━━ Data under study ━━

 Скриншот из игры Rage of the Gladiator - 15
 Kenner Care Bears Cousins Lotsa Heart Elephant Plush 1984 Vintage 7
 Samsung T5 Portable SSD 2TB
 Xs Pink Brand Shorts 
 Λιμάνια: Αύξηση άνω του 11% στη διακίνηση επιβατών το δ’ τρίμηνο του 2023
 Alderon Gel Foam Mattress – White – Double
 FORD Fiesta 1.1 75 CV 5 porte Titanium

━━━
━━ Data under study ━━

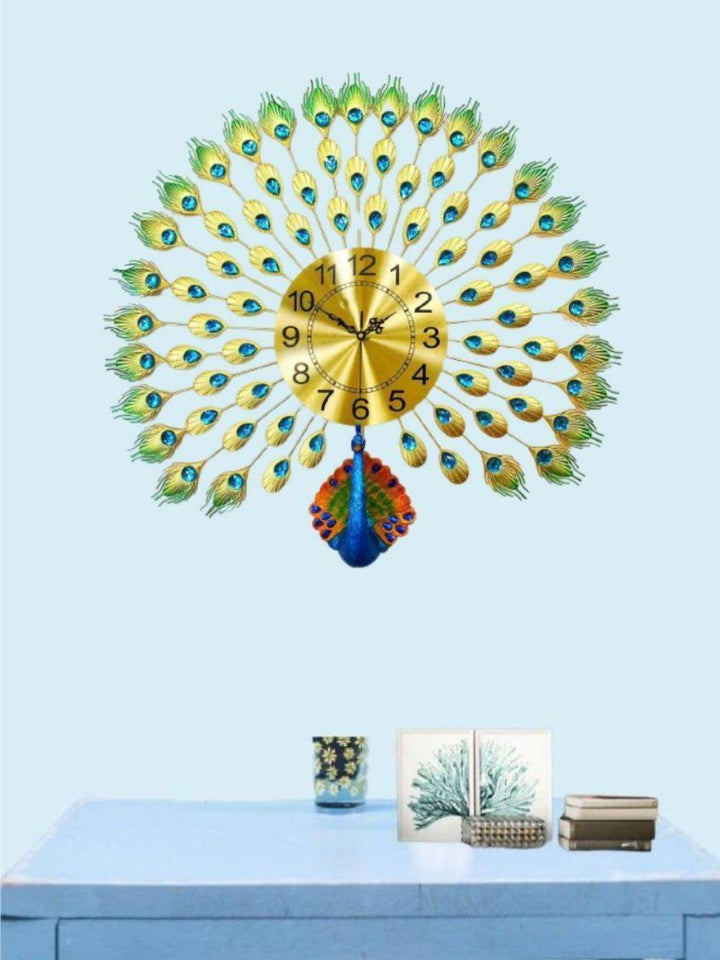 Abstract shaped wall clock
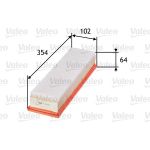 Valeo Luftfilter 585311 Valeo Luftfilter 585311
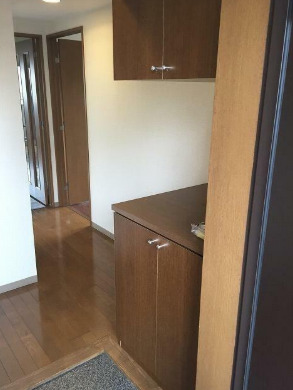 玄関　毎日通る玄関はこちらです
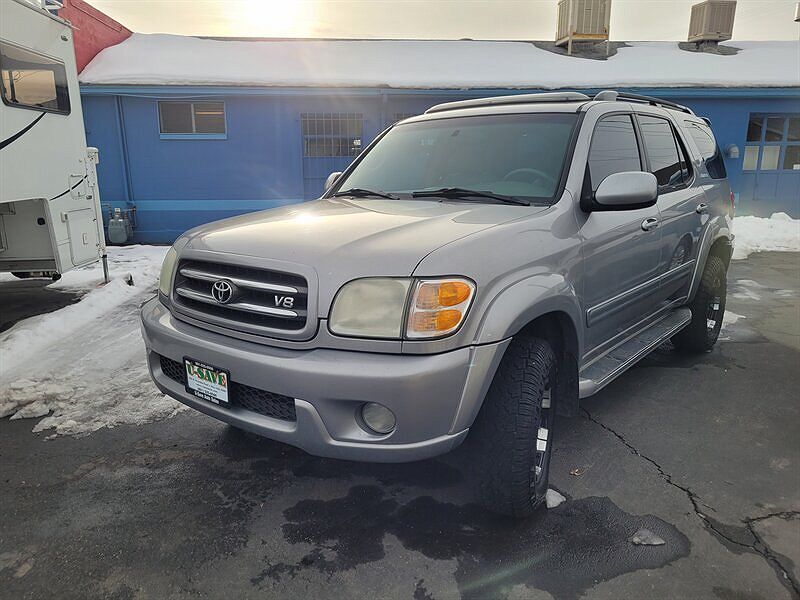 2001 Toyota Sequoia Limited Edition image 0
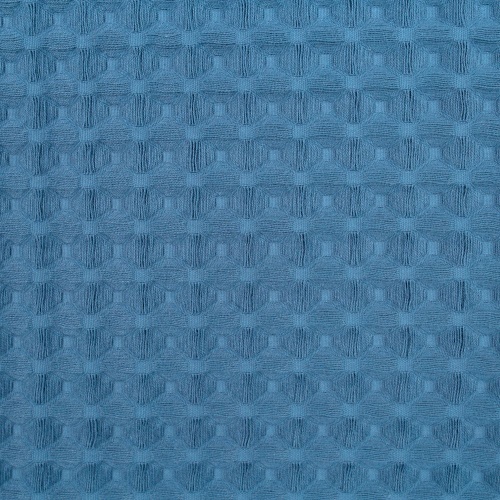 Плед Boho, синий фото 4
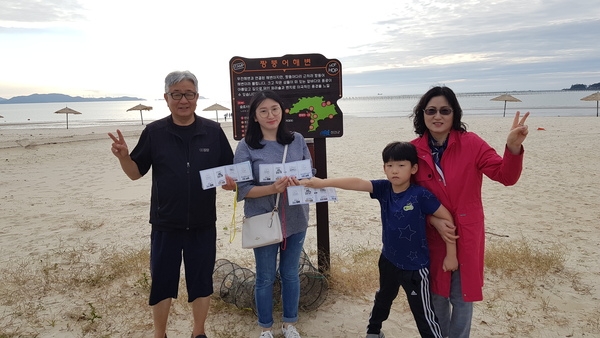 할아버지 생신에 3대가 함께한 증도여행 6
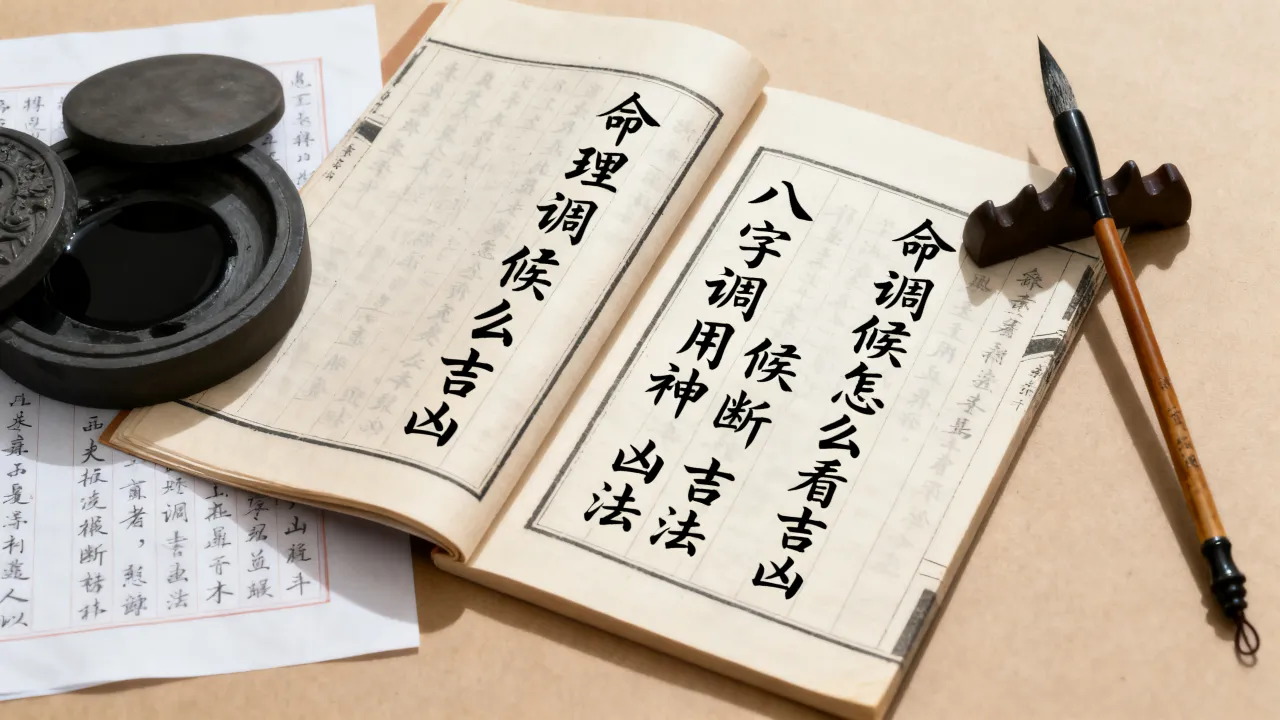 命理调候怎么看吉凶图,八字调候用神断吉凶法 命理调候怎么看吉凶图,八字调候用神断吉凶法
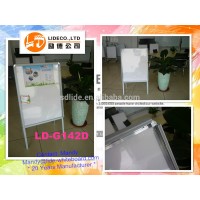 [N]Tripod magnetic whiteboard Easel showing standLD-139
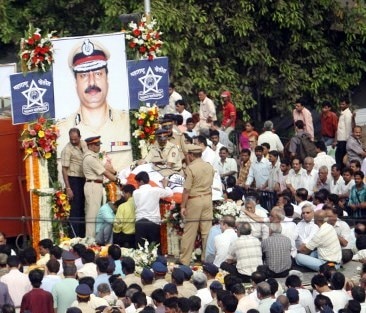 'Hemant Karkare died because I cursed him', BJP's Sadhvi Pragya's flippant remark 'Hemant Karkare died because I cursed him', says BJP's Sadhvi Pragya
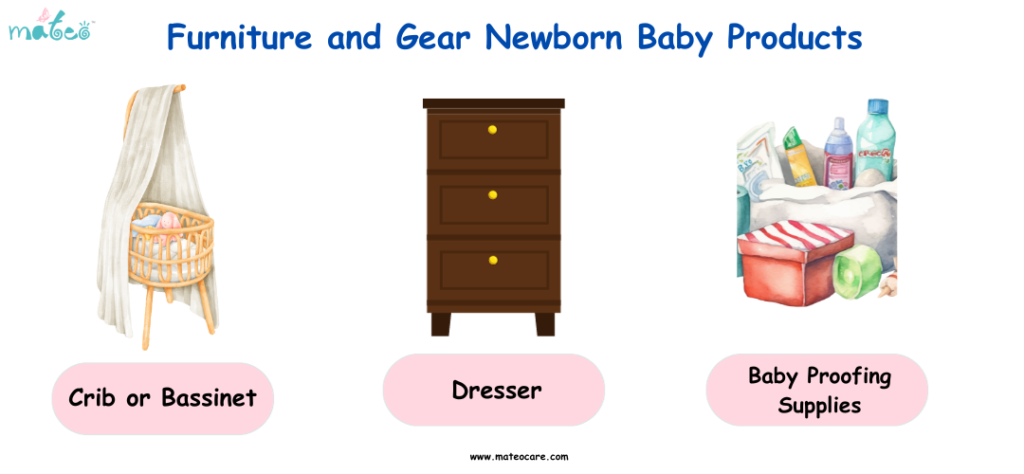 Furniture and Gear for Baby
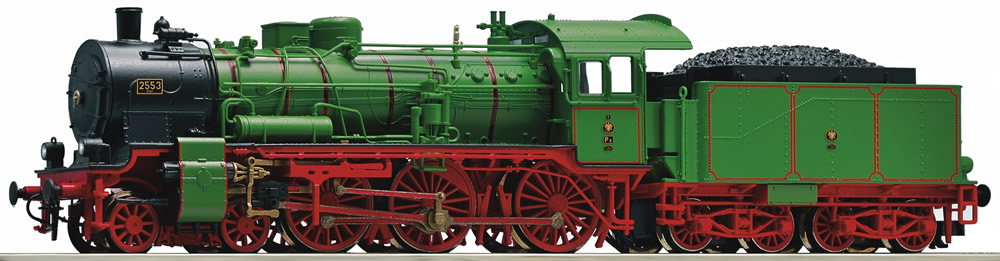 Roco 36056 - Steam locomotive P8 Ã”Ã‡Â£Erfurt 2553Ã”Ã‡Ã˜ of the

━━━

Could you restate word for word the lines above from the one containing "Alderon Gel Foam Mattress – White – Double" through the one containing "FORD Fiesta 1.1 75 CV 5 porte Titanium", both included, and nothing else?

 Alderon Gel Foam Mattress – White – Double
 FORD Fiesta 1.1 75 CV 5 porte Titanium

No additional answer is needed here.